Charles Davis suggested that because Jameis Winston has worked out, the Bucs shouldn’t be iffy about Joe Mixon. That’s....a bit of a stretch. For one, there was and remains doubt about the rape accusation leveled at Winston—there is none about what Mixon did.
For two, the controversy about Winston has not gone away and will not go away. The Bucs have benefited on the field, certainly, and Winston has done some good work off the field—but he’s also gotten into occasional hot water, and every time he slips up in any way that accusation will get brought up again. As it is with Ben Roethlisberger. And rightly so: it’s a serious issue that will never be completely cleared up.
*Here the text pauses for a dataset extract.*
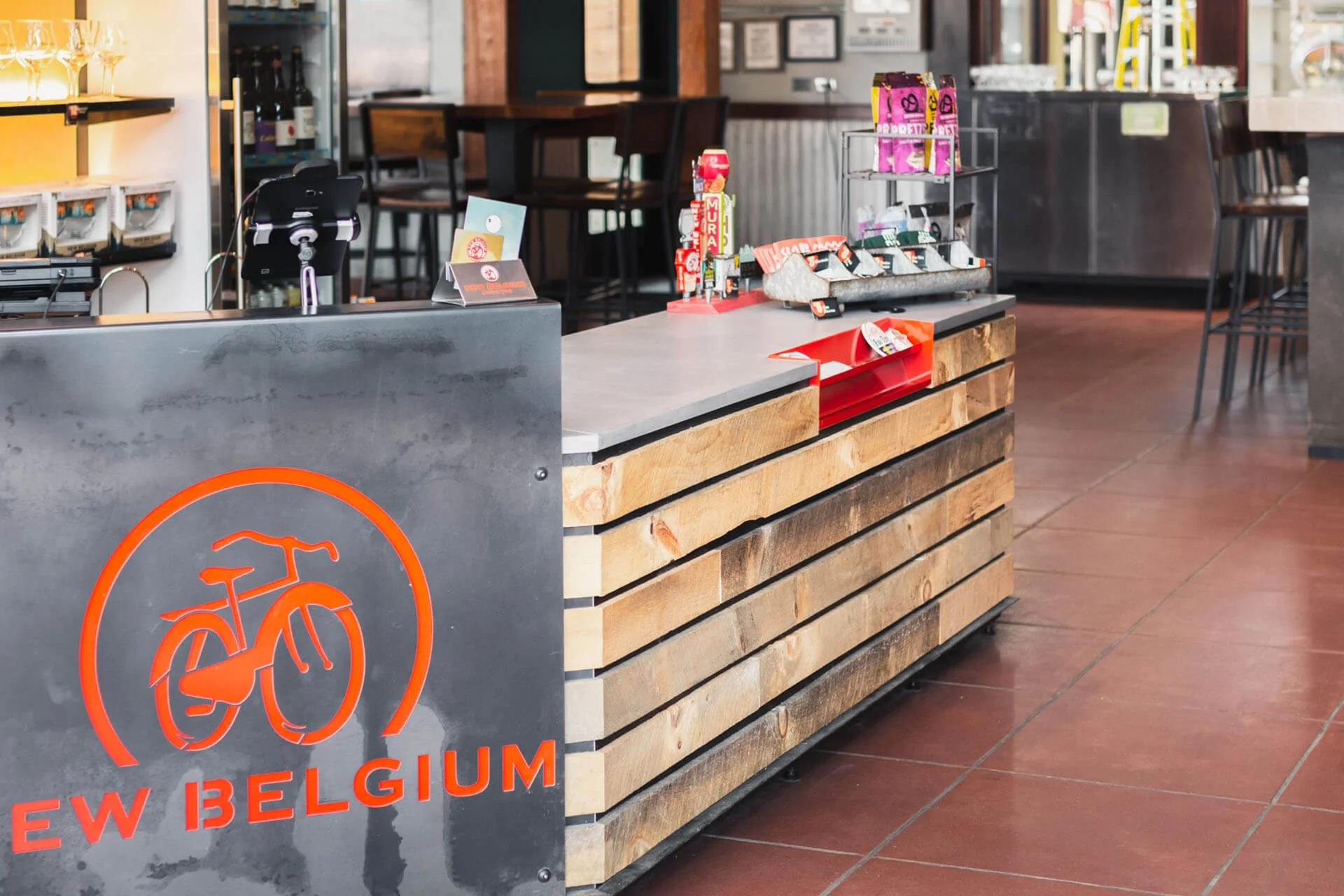 Merchandising check out counter at New Belgium tasting room featuring grey concrete countertops, metal signage and retail displays.
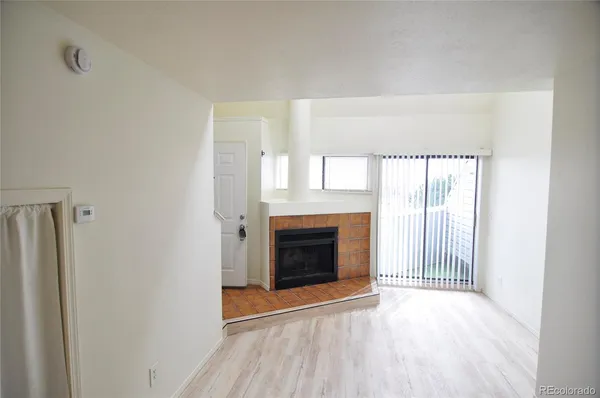 a view of an empty room with wooden floor fireplace and a window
And so it will be with Joe Mixon. Just because you think a player won’t present any off-field issues going forward (something teams cannot know with any degree of certainty), doesn’t mean that his past is not an issue—both morally, because you could just as easily take a different player who doesn’t have these issues, and in terms of public relations. You can certainly collect players with past issues, but a portion of your fanbase will not take kindly to that.
For three, Winston is a quarterback. And while morally this is a silly argument, in practice, teams are willing to tolerate a whole lot more from star quarterbacks than they are from any other players.
Sidenote: the way the media continue to talk about these things flattens the issues. Laremy Tunsil, whose transgression was getting filmed smoking weed, gets equated by the Jeremiah/Davis/Brooks crew with Mixon, who broke a woman’s face. Those are not remotely the same kinds of issues!
A first-round pick would be shocking
Regardless of any of that, I would be shocked if the Bucs take Mixon in the first round. La’el Collins, for instance, dropped all the way out of the draft after widely being seen as a first-round pick, all because someone close to him got murdered. He was never a suspect, and there was no real reason that we know of to think he was in any way tied to the murder, and yet no one drafted him. Collins has since played some really good football, unsurprisingly.
In this case, Mixon is on tape knocking out a woman, breaking multiple bones in her face. On tape. He was arrested, reached a plea deal with a deferred one-year sentence and 100 hours of community service. There’s no confusion over what he did. And yet, that wouldn’t drop him in any way? He’d be a first-round pick? I’d be pretty shocked, though the lack of moral concerns among NFL teams shouldn’t really.
None of that means the Bucs won’t draft him. It’s entirely possible they will, and they’ve shown they’re willing to overlook off-field incidents in the recent past. The fact that they brought him in for a visit shows there’s at least some level of interest. If they draft him, that’s likely to be a lot later than the first round, though.
In the end, I’d definitely prefer not to have players who were caught on camera breaking women’s faces, playing for the Bucs. Unfortunately for me and others who agree, we don’t have any say in the matter.